Hard Work has a secret sibling!

Hello again and welcome, readers! I’d like you to brace yourself as it is going to be quite a while before I finish my rant. So get comfy and then pick this up, because it is longer than the previous one.

In my previous post, I’d mentioned a few moments that were meaningful to me and perhaps, to you.  In this post, I’d like to talk about doing something that makes life meaningful. Now when I say something like this, I don’t actually mean I have the answers to all sorts of life related questions. It’s just my take on the problems, beliefs and conundrums I face daily.

How many of you have had the experience of the age old phrase, “Work Hard!” being told to you, to which you mentally reacted like “Yeah sure!” I know I have. This was probably because at a young age I had, because of movies, associated ‘Hard Work’ with this…

HardWork_388x357

This was probably because I rely on images to remember things. I have a visual memory.

So I thought, “Why would I want to push boulders up a mountain?” The more I thought about it, the more it made no sense to me. But since it was a norm and everyone was doing it, I thought it was cool. So even though I would work hard, I wouldn’t be satisfied.

Time passed by and I kept believing it more and more firmly.

Then one day, I came across a fantasy novel called ‘The Sea of Monsters’ by Rick Riordan. If you are into young adult fiction, I’d say it’s worth your time. This is how I was introduced to novels and fiction. Then some old friend showed me poems he wrote. I thought it was interesting, so I decided to try. So one day as I returned home from college and sat watching a program on TV about The Big Bang Theory (the actual scientific theory, not to be confused with the TV show), I kid you not when I say this that I had an uncontrollable urge to pen down a poem on the very topic. I literally went to my room, grabbed a pencil and paper and jotted down a poem on “The String Theory” (whatever I understood of it anyway).
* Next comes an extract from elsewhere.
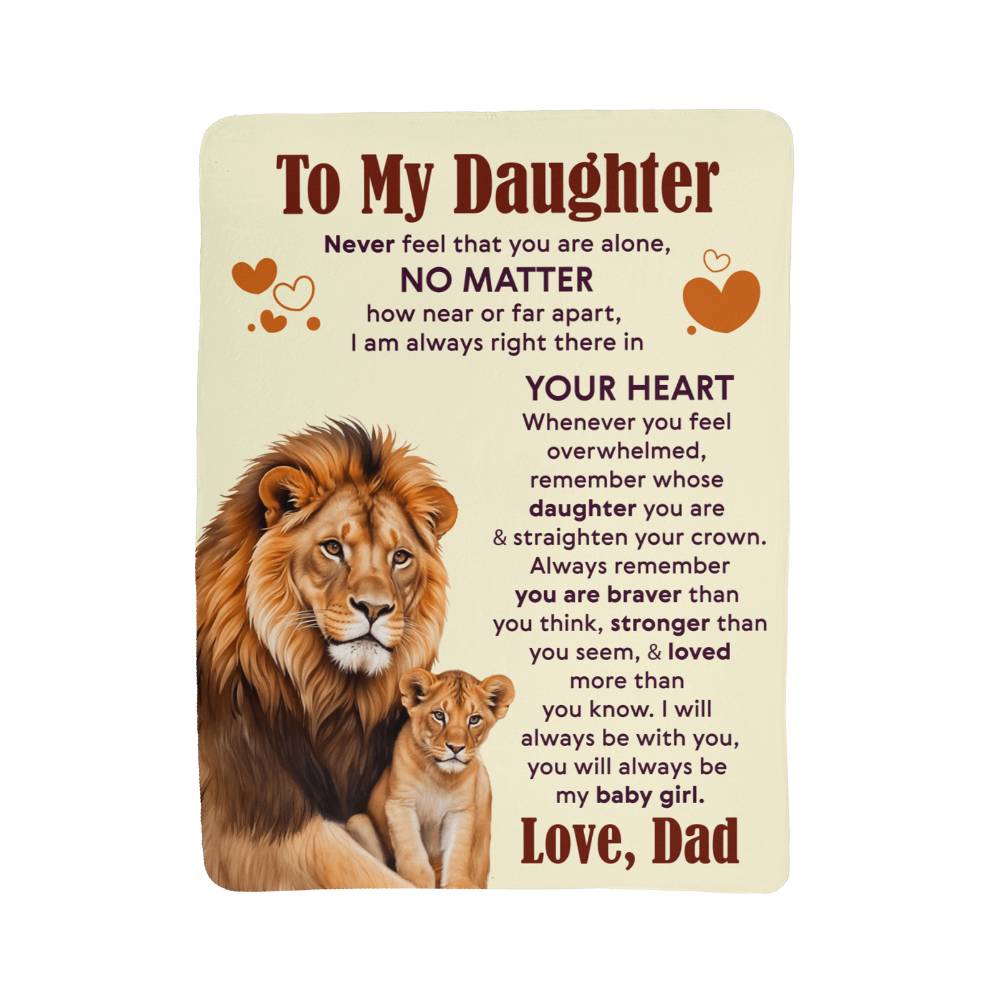 To My Daughter Never Feel Alone Sherpa Fleece Blanket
That is how I started writing. I know it sounds a bit unrealistic, but that is probably because I was trying to live a fairy tale then. I was the most unrealistic person I’d known. So I developed a habit of writing poems and started enjoying them to the extent that at a point I’d written 2-3 poems in a day. And later I began venturing into stories. I actually started doing hard work without even knowing it because writing was the only thing on my mind, day-in and day-out. But, this caused me to stay inside a bubble that I’d created which was hurting my academics.

Then I got stuck in a self-fulfilling cycle of doing lesser and lesser work every day, all the while losing interest. Until one day, when I stopped working altogether. That was the day that I had assumed defeat to what I assumed was what life was all about. I was depressed. At this point, my question had changed from “Why should I push boulders?” to “How do they do it? How do they keep working hard?
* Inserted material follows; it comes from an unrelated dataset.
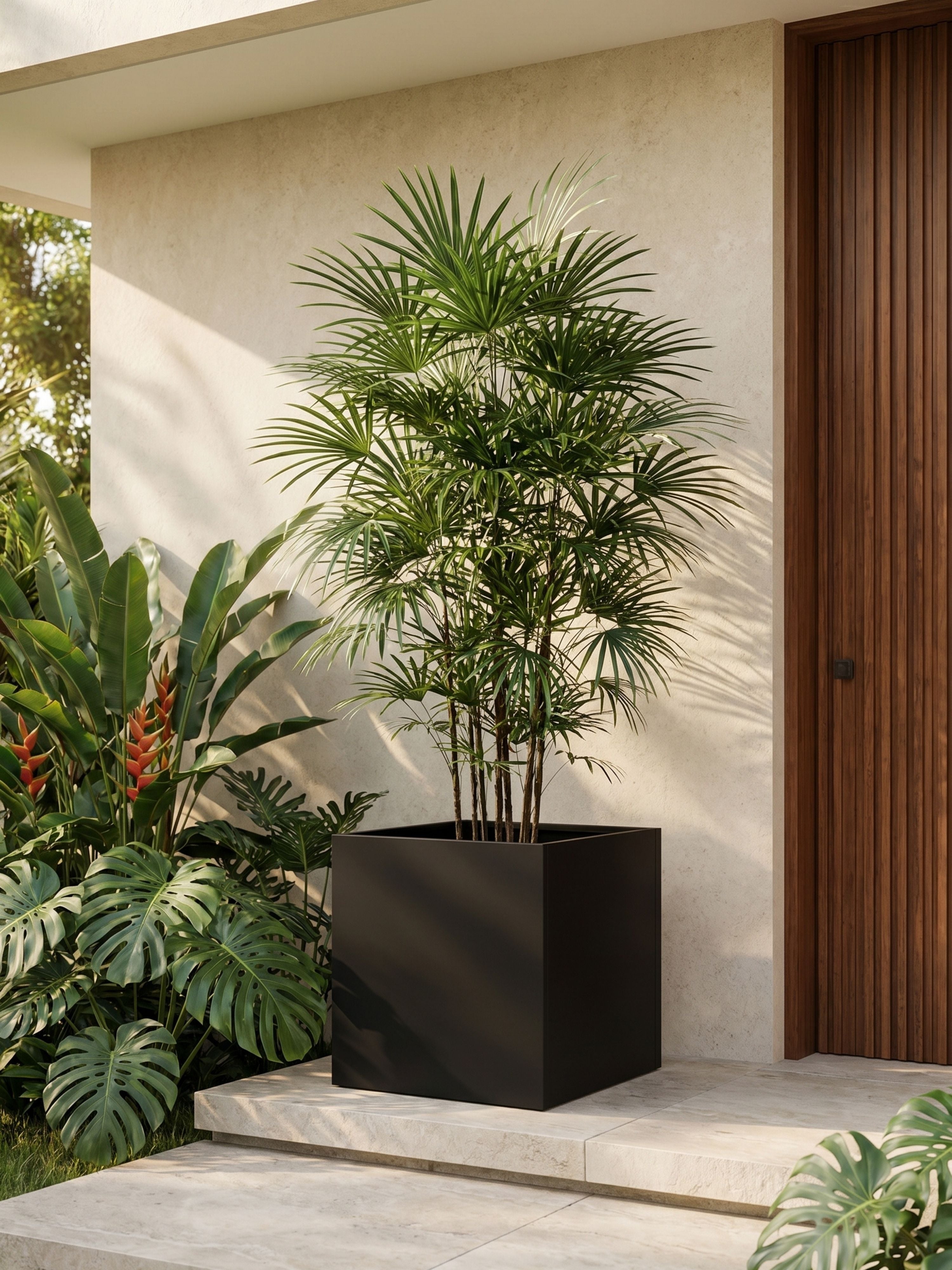 Vaso Metálico Caixa Alta Cubo para Plantas 80cm Preto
I kept wandering in Dream Castles and Fictional Universes because the real world stopped making sense to me. Time passed by and somehow I pulled myself out of the ditch that I had trapped myself in. I started to pursue topics that gave me purpose, something that was lacking in the things I was doing on my “Set Path”. Here is a quote by, me….

A person without a purpose is equivalent to a starving lion.”

What?!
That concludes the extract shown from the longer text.